Un partenariat s’est donc mis en place entre le studio typographies.fr et le CTRDV autour de cette idée : créer un caractère typographique conçu spécifiquement pour les personnes malvoyantes et les professionnels de la déficience visuelle. On a obtenu rapidement une bourse de la fondation suisse Ceres qui nous a permis de développer le projet pendant deux années, avec également l’appui du laboratoire DIPHE de l’Université Lumière Lyon 2.

Luciole, à découvrir absolument !

Comment la typographie a-t-elle été conçue ?

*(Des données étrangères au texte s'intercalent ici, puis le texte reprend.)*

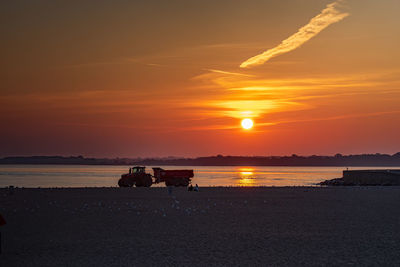 Silhouette people on beach against sky during sunset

Le partenariat entre les deux structures avait pour but de croiser différentes compétences : le médical (ophtalmologiste, orthoptiste), l’édition adaptée (transcripteur) et le développement de caractères typographiques (designer, développeur). On a défini ensemble des critères de design (à quoi devait ressembler le caractère) et des critères d’usage (comment le rendre accessible à l’utilisateur).

Une attention particulière a bien sûr été apportée à la question de la différenciation visuelle des lettres et des chiffres pour les lecteurs malvoyants. Mais le caractère Luciole a aussi été conçu comme un outil performant à destination des professionnels de l’édition adaptée : des variantes stylistiques contrastées pour hiérarchiser l’information, un support linguistique qui couvre près d’une centaine de langues et de nombreux symboles mathématiques. La bourse de la Fondation Ceres a permis la mise à disposition gratuite du Luciole au plus grand nombre qui était, dès le départ, l’une des conditions de ce projet.

Qu’est-ce que ce projet t’a apporté ?

C’est la première fois que l’on investit autant le champ de la lecture numérique. Dans quelques semaines, le Luciole sera par exemple inclus dans Dolphin EasyReader, l’une des principales applications mondiales pour la lecture de livres adaptés. Tous les livres numériques seront facilement accessibles en Luciole, y compris sur ordinateurs, tablettes et smartphones.

Si Luciole était un personnage de fiction, ce serait ?

Gaëlle dans La Passe-miroir. Parce que c’est celle qui permet de mieux voir le monde.